Wial’s study listed the Detroit area as one of the 20 strongest-performing regions, along with several others near the Great Lakes, and he said the recent recovery has much to do with the growth in manufacturing and the resurrection of the domestic auto industry.

He said Detroit remains battered by the recession, but it has stabilized more rapidly than many other parts of the country since hitting bottom in 2009.

“Jobs are coming back; obviously not all the jobs that were lost, but there are a lot more jobs now than there were,” Wial said.

The increase in jobs, coupled with fewer foreclosures and fewer residents fleeing the area, has translated into an improved — and in some neighborhoods, even a hot — real estate market.

“This actually has been a record year for us,” said Andy Hargreaves, a Coldwell Banker real estate agent in Plymouth, Mich., who said he has seen sales double in the past year. “The interest in this area is the highest I’ve ever seen it.”

In part, the upturn is attributable to the laws of supply and demand. Parts suppliers to the auto industry and other employers have increased hiring, adding to the number of home buyers, he said. At the same time, although thousands of homes sit empty in the Detroit area, the inventory of move-in-ready homes has dwindled, causing a frenzy whenever one hits the market.

“A home that’s properly priced in move-in-ready condition will, almost in every case, have multiple offers and sell at or over asking price,” Hargreaves said. “Buyers are realizing if you don’t jump on it right away, you get beat out.”

Some businesses have shown a renewed willingness to remain rooted in Detroit. Quicken Loans bought a collection of downtown properties, and businesses, including some that depend on the automakers, have sought out new space.

“What we’re seeing now are companies saying: ‘I’ll sign a five-year lease. I’ll sign a 10-year lease,” said A.J. Weiner, an office broker for the Detroit branch of Jones Lang LaSalle. “That’s becoming more commonplace than the calls I was getting two years ago.”

Despite that encouraging turn, Weiner said Detroit still has plenty of real estate that “time has just forgotten” and has become a smaller market than it used to be.

Others offered similar caveats about the recent run of positive news, noting that Detroit has only begun limping toward recovery.

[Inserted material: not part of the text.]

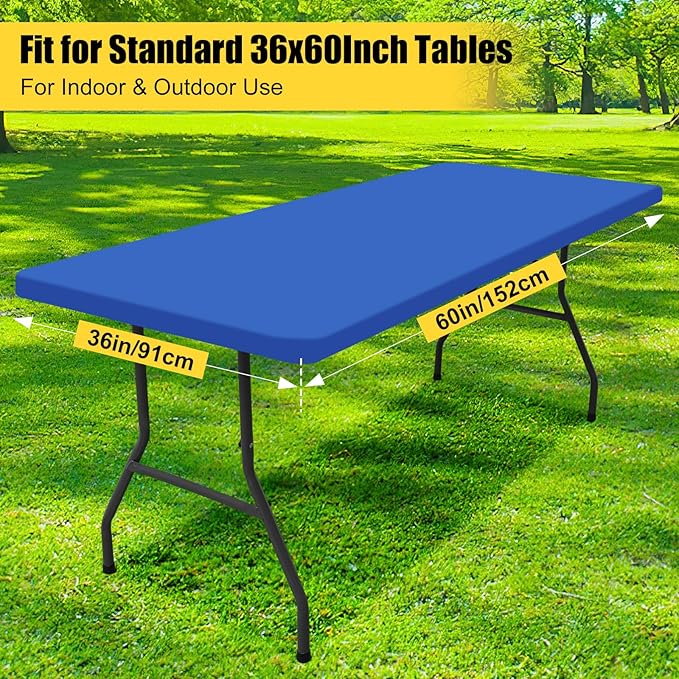 Smiry Rectangle Picnic Table Cloth, Waterproof Elastic Fitted Tablecloths for 5 Foot Tables, Washable Polyester Table Cover for Camping, Indoor and Outdoor (Blue, 36"x60")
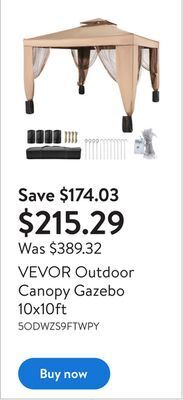 Walmart Vevor outdoor canopy gazebo 10x10ft offer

Detroit area home prices remain 40 percent below peak levels.

In the city, vacant properties make up 23 percent of the total housing stock, according to a recent government study, and the city has about 30,000 vacant homes dotting the landscape. In addition, Detroit’s population fell by a quarter between 2000 and 2010. The city government is on the verge of bankruptcy, in part because of its plummeting tax base and soaring pension costs.

“It’ll never be a full recovery to the size we were 10 years ago, but that’s okay,” Weiner said. ”We just need to stay on solid footing, and that potential really does exist.”